Diagnosis of equipment health demands periodic visual inspection as well as analysis of vibration signature, lube oil, and noise and temperature levels. What to look for in your inspection forms the basis for "And finally, don't forget the gears," included in the 2006 OUTAGE HANDBOOK supplement to this issue, p OH-77.

The article also presents a lube-oil system checklist to help you main­tain this critical fluid in the top con­dition required for long gear life.

Accurate evaluation of vibration is important for an accurate assess­ment of gear condition. DeBaecke cautioned that data are easily misinterpreted. Reasons for this include improper instrumentation, bad choice of data points, varia­tions in operating conditions, and system complexity and/or multiple vibration problems. He added that the choice of data points is critical. Also, that complex systems with multiple data points are difficult to analyze.

DeBaecke suggested that users resist the temptation to be a JV vibration expert. If you identify a problem, he said, call in a profes­sional to interpret the data.

The availability of non-OEM parts is likely to help many owner/opera­tors of GT-based generating facili­ties weather the competitive storm. But all third-party parts are not cre­ated equal; caveat emptor. Before you leap at what appears to be a good deal, it is a good idea to review carefully the engineering and manu­facturing processes used to create the parts.

Michel Price, the project man­ager for nozzles at EthosEnergy Group, Dallas, Tex, helped Frame 6 users better understand the practice of reverse engineering.

Her presentation examined the process of reverse engineering tur­bine nozzles and buckets-includ­ing analyses performed to verify improvements and manufacturing checks made to ensure quality.

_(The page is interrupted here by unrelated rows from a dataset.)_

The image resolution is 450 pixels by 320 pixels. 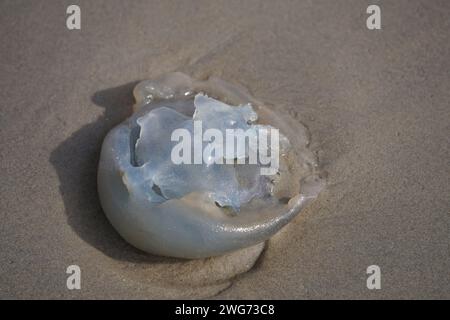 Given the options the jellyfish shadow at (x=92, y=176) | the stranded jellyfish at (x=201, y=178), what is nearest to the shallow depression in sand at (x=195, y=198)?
the stranded jellyfish at (x=201, y=178)

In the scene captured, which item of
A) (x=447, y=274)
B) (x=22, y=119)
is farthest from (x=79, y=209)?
(x=447, y=274)

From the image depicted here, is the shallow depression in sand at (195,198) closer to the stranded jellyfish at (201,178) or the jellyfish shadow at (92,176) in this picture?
the stranded jellyfish at (201,178)

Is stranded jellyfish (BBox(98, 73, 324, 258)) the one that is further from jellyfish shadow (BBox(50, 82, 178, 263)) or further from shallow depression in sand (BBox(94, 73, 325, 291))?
jellyfish shadow (BBox(50, 82, 178, 263))

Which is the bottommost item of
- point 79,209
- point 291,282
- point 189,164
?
point 291,282

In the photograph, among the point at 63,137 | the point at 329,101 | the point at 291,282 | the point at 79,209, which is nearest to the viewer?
the point at 291,282

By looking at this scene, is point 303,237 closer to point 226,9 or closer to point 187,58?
point 187,58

Five key steps in the process, which takes up to two years to complete, are:

  • Review public data.
  • Acquire samples.
  • Characterize samples (dimen­sional, visual, functional, mate­rial, documentation).
  • Create part definition.
  • Manufacture parts.

The details of EthosEnergy Group's procedures and tools (engi­neering and manufacturing) for producing quality third-party components was of high interest.

Many non-OEM parts are simply replicated, Price noted. This is the fastest path to market and if done prop­erly should enable the machine to achieve as-new performance. The most-capable of the non-OEM parts manufacturers often re-engineer or redesign the original component. A goal of re-engineering is to reduce a part's cost by making it easier to pro­duce and/or repair. Redesigns, which are patentable, are done to improve durability/life, performance, cost, and/or repairability.